While the ankle healed, I plotted and laid out a plan to get me to the finish line of a half-marathon in November 2007. Soon after the cast was off, I began walking. So long as I wasn’t feeling any twinges, I walked. I built up to walking about 8 miles without any signs of pain and on April 20th, I started running again. Although I didn’t get the ok from the orthopedist to begin running until late May or early June, I think. He was very conservative. That certainly doesn’t mean I would be always right to defy what a doctor thinks, but in this case, I was right.
And on that chilly gray day in Philadelphia, November 2007, I did it, I ran every freaking step of it. It took me 2:16:25, so I was slow, but I did it. I wasn’t a hero. I wasn’t redeemed. I wasn’t transformed. But I had run a half-marathon as a type 1 diabetic.
Over the next few years, I would continue to run, somewhat off and on. No one would describe me as a fanatical or maybe even regular runner. It also seemed like the most I could really do was 4 days a week of running. More than that, the legs got too beat up. More than that, I just didn’t want to do it. Then came the long year of 2010, the year that took almost 5 years and aged my heart 10 or so. I ran a half-marathon in November. Sort of. I mostly walked the last half of it because I had stopped training for it in September.
By early 2013 I had somehow mostly stitched my heart back together, using some duct tape and wire too, to fashion it into something resembling a human heart again. It’s still nothing much to write home about, it’s lousy in lots of ways and still springs an odd leak from time to time. But because of various influences and doing a fair bit of hiking, one day I decided to experiment some more again. I began to live more barefoot in early June 2013. 2 months later, in August, I did my first barefoot run.
And things changed. I think the thing that confounds people the most when they see or hear about the idea of going barefoot and running barefoot is that it must hurt. Only a few weekends ago a cyclist riding by yelled, “Doesn’t that hurt?” I yelled back, “If it hurt, I wouldn’t be doing it.” And that’s very true. But that certainly doesn’t mean my feet don’t feel something when I run barefoot. What I feel is a fundamental connection to the earth. The soles of our feet are like eyes. I don’t blindfold my eyes all the time. I don’t wear earmuffs all the time. I don’t wear a plastic covering over my tongue when I eat. So why do we wear shoes all the time? Seriously, spend some time barefoot. Learn about the world that you’re missing by wearing shoes so much.
Because of running barefoot or minimalist in a pair of thin sandals, Xeros, I really learned to love running and I wondered if it could be possible to run every day that I would want to. Now here I am, 103 days of a running streak completed. I don’t know if I’m any wiser really.

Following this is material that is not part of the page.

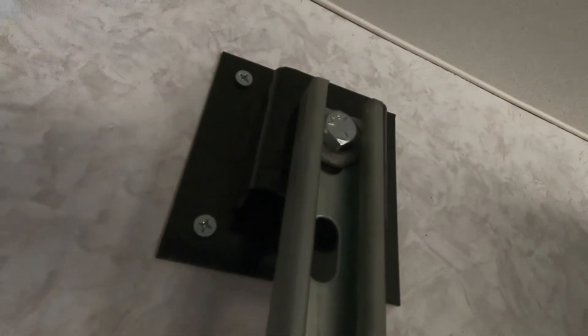On the bottom there's another bracket right there and it's fastened to the rail. You've got these sliders that go inside the rail and move up and down. On the bottom of the sliders there's a Teflon stopper.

But I did go over 1,000 miles of running this year today. 1000 miles. In 2014, my goal going in was to run at least 1000 miles. Now this year I’ve covered that much distance and it’s not yet August.
I’m still waiting to get fully recovered from Lyme. Oh it’s been a bit awful some while I continue to lack the energy I should have. But one of these days again I will find a cool morning, springy legs and a bit of speed that will feel wonderful. One of these days.